Георг Брандес - Неизвестный Шекспир. Кто, если не он
Найдя за печкою приют.
Сравните песню Пока:
Теперь огонь в печах погас,
Совы зловещей крики
Напоминают смерти час
Страдальцу-горемыке.
За этим введением еще следует неумело составленная немая сцена, за нею продолжение тяжеловесного, эпически растянутого пролога и вдруг – как если бы голос из иного мира, золотой голос, звучный и богатый, прервал бесцветную чепуху, как если бы полились волны небесной музыки, по которой давно томился наш слух – вдруг раздается голос самого Шекспира во всей его несомненнейшей неподдельности и с чисто царственною мощью. Пусть читатель отыщет в английском тексте эти дивные стихи:
Перикл (на палубе)
Ты, грозный бог пустыни водяной,
Уйми ты гневным словом эти волны,
От ада хлещущие к небу!
Ты, Властитель ветра, скуй его железом
И призови обратно в глубь морей!
Могучий! Оглушительные громы
Ты усмири, и серные огни
Проворных молний потуши рукою
Спокойною. – О Лихорида, что
С царицею моей? – Шумишь ты, буря!
Ты хлещешь, точно ты сама себя
Стремишься выхлестнуть! Свисток матроса
Не слышен, точно шепот в ухо смерти. —
Эй, Лихорида! и т. д.
Кормилица приносит новорожденного младенца. Она говорит:
…Вот вещица вам,
Для этих мест уж слишком молодая.
Когда б она с понятием была,
То умерла б, как я, едва живая.
Возьмите ж на руки кусочек этот
Царицы вашей мертвой!
Перикл .
Лихорида!
Лихорида .
Терпенье, господин; не помогайте
Свирепству бури. Все, что вам осталось
От королевы – это ваша дочь.
Для ней старайтесь мужественно горе
Сносить, чтобы ее спасти.
Входят матросы, и после нескольких прямо мастерских реплик, дающих полное представление о неистовстве бури и усилиях матросов спасти корабль, они в своем суеверии требуют от Перикла, чтобы он выбросил за борт бедную, едва только испустившую дух царицу. Царь вынужден уступить им и, обращаясь к умершей, говорит мелодическими стихами:
Ужасную родильную постель
Тебе судьба послала, друг мой бедный!
Ни света, ни огня; тебя забыли
Враждебные стихии. Не имею
Я времени, в гробнице освященной
Чтоб схоронить тебя, но бросить должен,
Едва прикрыв, в глубокий ил морской.
Не памятник над бедными костями.
Не вечная стоять лампада будет,
Но воду мечущий громадный кит.
И волны шумные над хладным трупом,
Лежащим между раковин простых,
Носиться будут.
И он отдает приказ, чтобы корабль с новорожденным младенцем, который не вынесет морского плаванья, переменил курс и направился в Таре.

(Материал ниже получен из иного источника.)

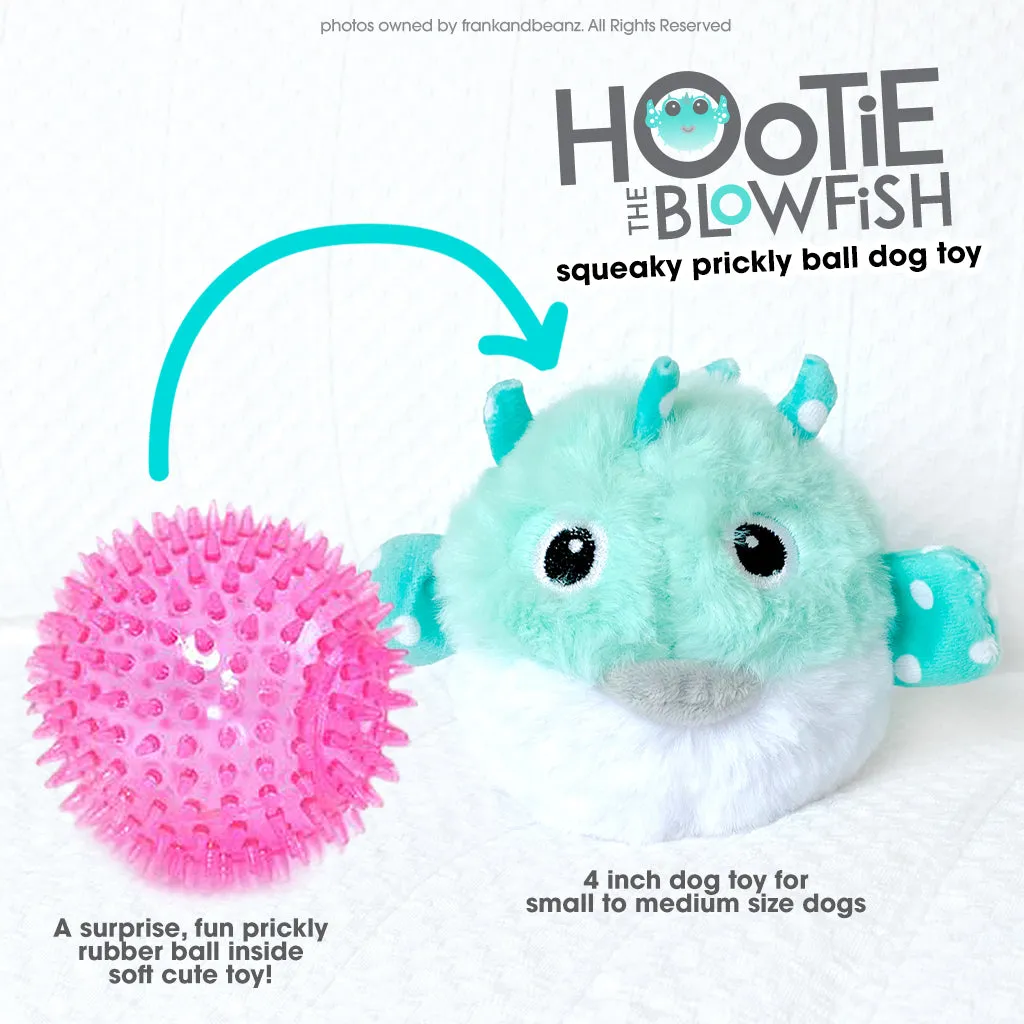 Hootie Blowfish Rough Play Squeaky Ball Dog Toys for Small Medium Dogs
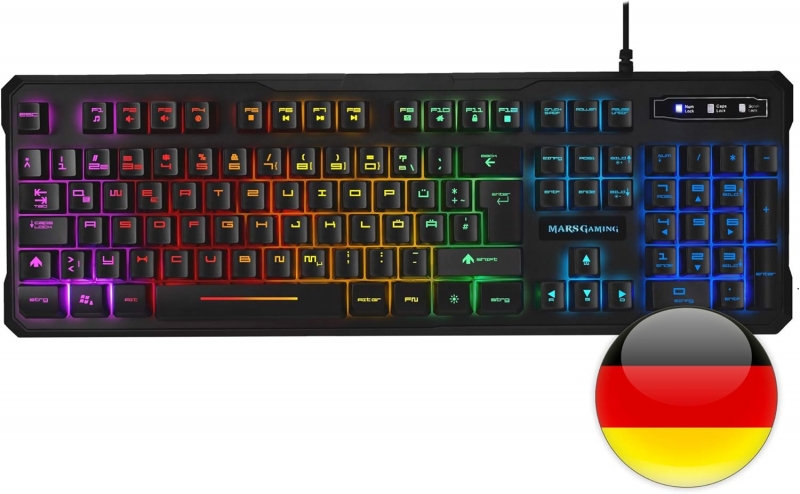 Mars Gaming MK218 Teclado Gaming - Retroiluminacion RGB 9 Efectos - Tecnologia H-MECH - Antighosting Completo - Compatible con Windows, Mac, Linux y Consolas - Aleman - Color Negro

В этих сценах такое могучее веяние бури и пенящихся вод, в них так грохочет гром, так искрится молния, что выше этого нет ничего во всей английской поэзии, даже у самого Шекспира в «Лире», даже у Байрона и Шелли в их описаниях природы. Этот шторм на море и гудит, и ревет, и хлещет, и воет, так что свисток боцмана теряется с шипеньем в разъяренных голосах непогоды. Оттого эти сцены и знамениты, оттого они и дороги морякам, для которых писались. В этой области Англия имеет достаточно знатоков.
Впечатление оказывается тем сильнее, что к чисто внешней страсти стихий примешивается человеческая страсть, столь же нежная, как и великая, страсть, прорывающаяся наружу в сдержанном вопле Перикла над Таисой. Она не заглушается шумом непогоды, она раздается, как контраст бешенству ветра и моря, в звуках, идущих от одухотворенной и тонкой натуры. Восхитительны также слова, которыми Перикл приветствует новорожденную малютку:
…Будь же
Тиха вся жизнь твоя, мое дитя
Несчастное! От века не рождалось
Дитя в такой тревоге шумной. Мир
И радости тебе на долю! Грубо
Ты встречено на этом свете, точно
Не дочь ты князя. Будь же то, что после
Судьба сулит тебе приветно! Буря,
Огонь, вода, земля и небо громко
Тебя из чрева матери воззвали…
Хотя новелла Вилкинса весьма точно придерживается хода пьесы, все же лишь в двух только местах ее встречается совпадение, простирающееся до буквального употребления одних и тех же слов. Одно из этих мест находится во втором действии, следовательно, в собственном тексте Вилкинса, другое здесь. У Шекспира это место выражено так:
For thou art the rudeliest welcome to this world
That ever was prince’s child. Happy what follows!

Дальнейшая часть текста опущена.